WHAT THIS TASK INVOLVES: Would you return exactly the lines below from the line with "Investir dans les énergies renouvelables" through the line with "Prkno SUP AQUASTIC", both included, and nothing else, leaving out the pictures?

PROVIDED RECORDS:
****

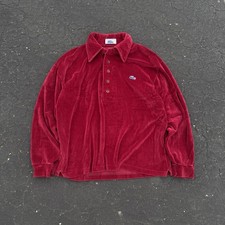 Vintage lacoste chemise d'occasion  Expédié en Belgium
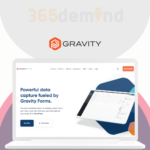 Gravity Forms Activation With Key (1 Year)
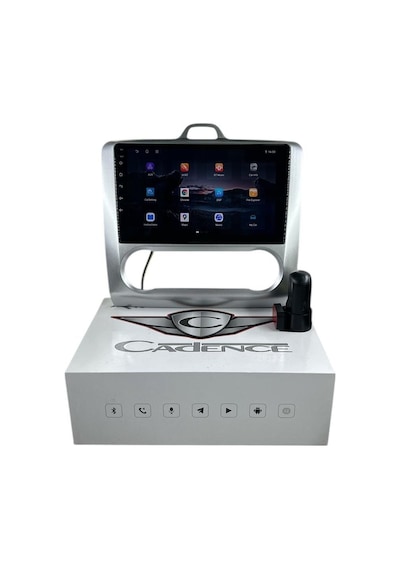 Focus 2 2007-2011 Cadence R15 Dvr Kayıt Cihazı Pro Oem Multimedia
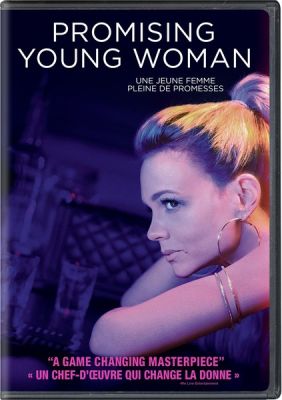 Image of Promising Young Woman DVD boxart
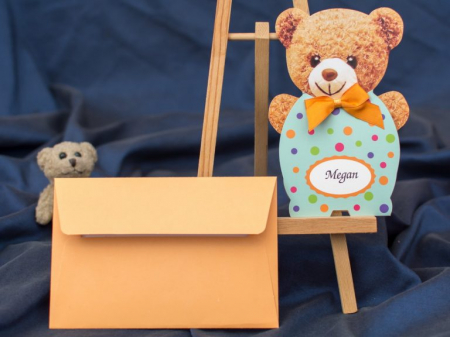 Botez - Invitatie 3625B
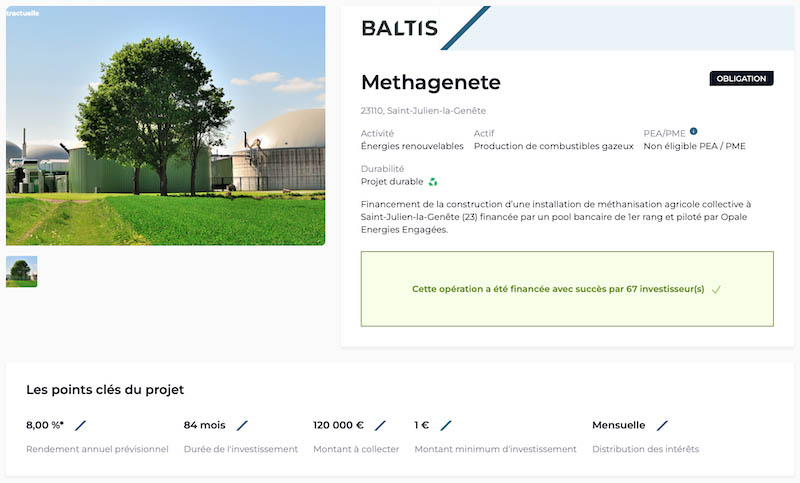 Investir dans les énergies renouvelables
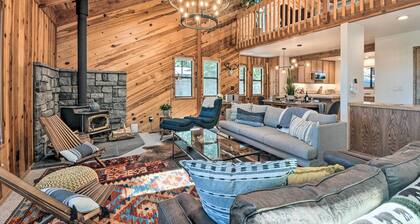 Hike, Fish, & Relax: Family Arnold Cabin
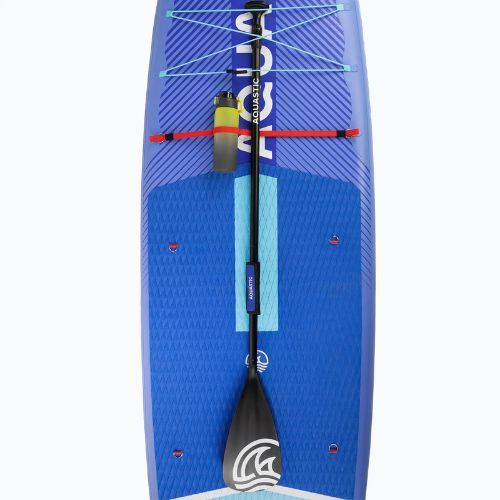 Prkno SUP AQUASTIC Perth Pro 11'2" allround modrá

****

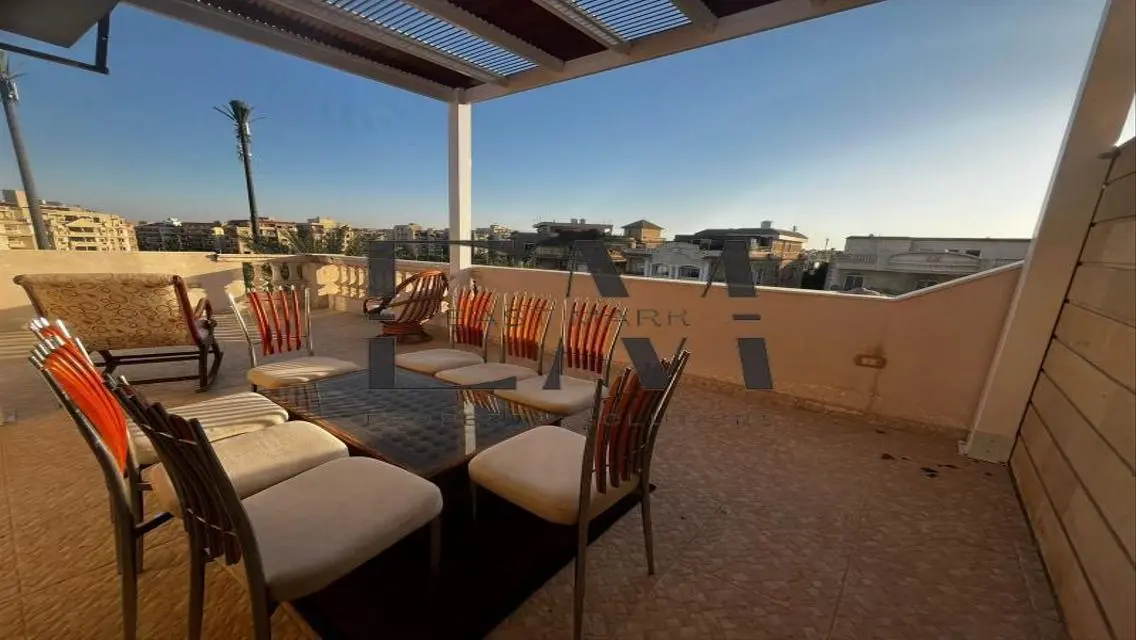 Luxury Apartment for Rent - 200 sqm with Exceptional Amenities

****

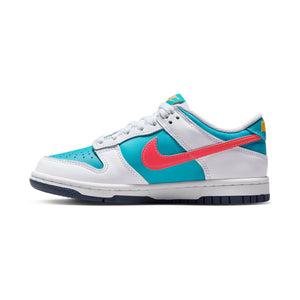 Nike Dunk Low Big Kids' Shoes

****

SOLVED PROBLEM:
 Investir dans les énergies renouvelables
 Hike, Fish, & Relax: Family Arnold Cabin
 Prkno SUP AQUASTIC Perth Pro 11'2" allround modrá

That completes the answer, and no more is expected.